L’heure où Thérèse recevait le petit nombre de ses amis n’était, depuis quelque temps, mise à profit que par Laurent. Bien que la porte restât ouverte à qui voulait venir, il venait seul, soit que les autres fussent absents (c’était la saison d’aller ou de rester à la campagne), soit qu’ils eussent senti chez Thérèse une certaine préoccupation, un désir involontaire et mal déguisé de causer exclusivement avec M. de Fauvel.

C’était à huit heures que Laurent arrivait, et Thérèse regarda la pendule en se disant :

— Je n’ai pas répondu ; aujourd’hui, il ne viendra pas.

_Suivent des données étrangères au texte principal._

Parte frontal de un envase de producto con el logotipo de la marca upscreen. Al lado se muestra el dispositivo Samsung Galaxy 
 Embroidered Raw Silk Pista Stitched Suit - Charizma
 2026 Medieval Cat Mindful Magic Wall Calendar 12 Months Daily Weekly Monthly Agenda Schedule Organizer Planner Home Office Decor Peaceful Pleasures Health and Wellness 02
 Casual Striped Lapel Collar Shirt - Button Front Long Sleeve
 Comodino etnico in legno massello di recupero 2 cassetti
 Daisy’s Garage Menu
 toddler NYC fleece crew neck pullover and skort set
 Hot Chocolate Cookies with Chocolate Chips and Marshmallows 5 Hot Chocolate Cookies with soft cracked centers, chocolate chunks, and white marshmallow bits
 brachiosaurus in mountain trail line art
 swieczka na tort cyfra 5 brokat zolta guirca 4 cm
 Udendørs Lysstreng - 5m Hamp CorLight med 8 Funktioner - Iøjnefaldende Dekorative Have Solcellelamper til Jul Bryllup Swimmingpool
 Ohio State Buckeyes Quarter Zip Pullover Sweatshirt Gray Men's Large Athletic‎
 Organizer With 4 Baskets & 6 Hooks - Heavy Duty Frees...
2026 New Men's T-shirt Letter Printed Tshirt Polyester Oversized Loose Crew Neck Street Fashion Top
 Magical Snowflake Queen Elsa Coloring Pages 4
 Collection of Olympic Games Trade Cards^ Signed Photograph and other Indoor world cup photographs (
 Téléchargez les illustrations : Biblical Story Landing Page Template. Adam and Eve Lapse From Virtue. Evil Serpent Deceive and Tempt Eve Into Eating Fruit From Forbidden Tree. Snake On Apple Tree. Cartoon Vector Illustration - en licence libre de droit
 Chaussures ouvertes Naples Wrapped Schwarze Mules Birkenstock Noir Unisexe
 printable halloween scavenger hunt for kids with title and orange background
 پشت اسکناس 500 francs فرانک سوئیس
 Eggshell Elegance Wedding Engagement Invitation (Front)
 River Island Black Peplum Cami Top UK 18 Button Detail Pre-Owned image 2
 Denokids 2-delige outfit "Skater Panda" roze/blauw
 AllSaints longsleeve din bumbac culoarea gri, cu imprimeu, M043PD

Il se fit dans son cœur un vide affreux, quand elle ajouta ;

— Il ne faut pas qu’il revienne jamais.

Comment passer cette éternelle soirée qu’elle avait l’habitude d’employer à causer avec son jeune ami, tout en faisant de légers croquis ou quelque ouvrage de femme pendant qu’il fumait, nonchalamment étendu sur les coussins du divan ? Elle songea à se soustraire à l’ennui en allant trouver une amie qu’elle avait au faubourg Saint-Germain, et avec qui elle allait quelquefois au spectacle ; mais cette personne se couchait de bonne heure, et il serait trop tard quand Thérèse arriverait. La course était si longue et les fiacres allaient si lentement dans ce temps-là ! D’ailleurs, il fallait s’habiller, et Thérèse, qui vivait en pantoufles, comme les artistes qui travaillent avec ardeur et ne souffrent rien qui les gêne, était paresseuse à se mettre en tenue de visite. Mettre un châle et un voile, envoyer chercher un remise et se faire promener au pas dans les allées désertes du bois de Boulogne ? Thérèse s’était promenée ainsi quelquefois avec Laurent, lorsque la soirée étouffante leur donnait le besoin de chercher un peu de fraîcheur sous les arbres.